During the Second Desmond Rebellion in Munster, he fought in 1580 with the English forces against Gerald FitzGerald, 14th Earl of Desmond, and assisted Sir John Perrot against Sorley Boy, the first Chief of Clan MacDonnell of the Glens in 1584. English commander Grey described him as the "first Irish lord to spill blood".
Rise to power
In the following year he was summoned to attend the Irish House of Lords in Dublin as Earl of Tyrone and, in 1587 after a visit to the Court in England, he was awarded a patent to the lands of his grandfather, the first earl, Conn O'Neill.
However, with Turlough now having succeeded Shane as The O'Neill, he had yet to choose as tanist. The position was contested by Hugh and Shane's sons, the MacShanes. Due to their father, the MacShanes were favoured within Tyrone, but outside the kingdom they were disliked because of the cruelty of their father towards the various smaller Kingdoms under the overlordship of the O'Neills. Furthermore, the MacShanes had lost a valuable ally in their kin, the Fitzgeralds of Desmond, following their defeat in the Desmond Wars.
Hugh, through marriage, was able to gain an important ally in the Red Hugh O'Donnell of Tír Chonaill, from whom he was able to secure Scottish mercenaries to fight the MacShanes. In turn, Hugh supported O'Donnell in a succession dispute within his own kingdom.

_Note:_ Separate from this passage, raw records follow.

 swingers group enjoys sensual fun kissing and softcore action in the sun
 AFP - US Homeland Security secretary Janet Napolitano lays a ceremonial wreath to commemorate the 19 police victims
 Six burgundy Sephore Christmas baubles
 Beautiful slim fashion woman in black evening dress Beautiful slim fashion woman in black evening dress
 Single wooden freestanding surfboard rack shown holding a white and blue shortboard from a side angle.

Through his other contacts, Hugh had the support of lords and Earl's in Ormonde, Leicester and Argyll, and even had the support of Lord Deputy of Ireland Fitzwilliam, whom he bribed. With this overwhelming alliance, in 1592 Turlough was forced to name Hugh as his tanist. Afterwards, Hugh murdered Hugh Gavelagh McShane, whom he reputedly hanged over a Hawthorn tree with his bare hands.

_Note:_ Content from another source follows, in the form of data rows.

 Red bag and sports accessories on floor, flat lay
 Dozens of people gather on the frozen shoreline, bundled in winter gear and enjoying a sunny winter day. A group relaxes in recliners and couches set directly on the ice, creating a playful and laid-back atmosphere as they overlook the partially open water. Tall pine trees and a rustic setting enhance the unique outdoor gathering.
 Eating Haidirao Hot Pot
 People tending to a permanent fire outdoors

But it was during this war of succession that the English administration had begun to become suspicious of O'Neill's ambitions, and in 1587 they kidnapped Hugh's ally Red Hugh O'Donnell, holding him in Dublin Castle, along with Art MacShane O'Neill. After several failed attempts to break him out of prison, in the winter of 1591 O'Neill was finally able to successfully aid the escape of O'Donnell and MacShane, possibly through the bribing of high-level officials in Dublin.
The pair of fugitives fled the city to the Wicklow Mountains, a stronghold of the O'Byrnes, who were led by Fiach McHugh O'Byrne, one of O'Neill's allies. An O'Byrne search party found the two buried in snow and close to death near Glendalough. Red Hugh famously lost his two big toes to frostbite, but MacShane died. While it is believed MacShane died of exposure, there has been some speculation as to whether O'Neill had the O'Byrnes kill MacShane when they found him, to remove him as a political opponent of O'Neill.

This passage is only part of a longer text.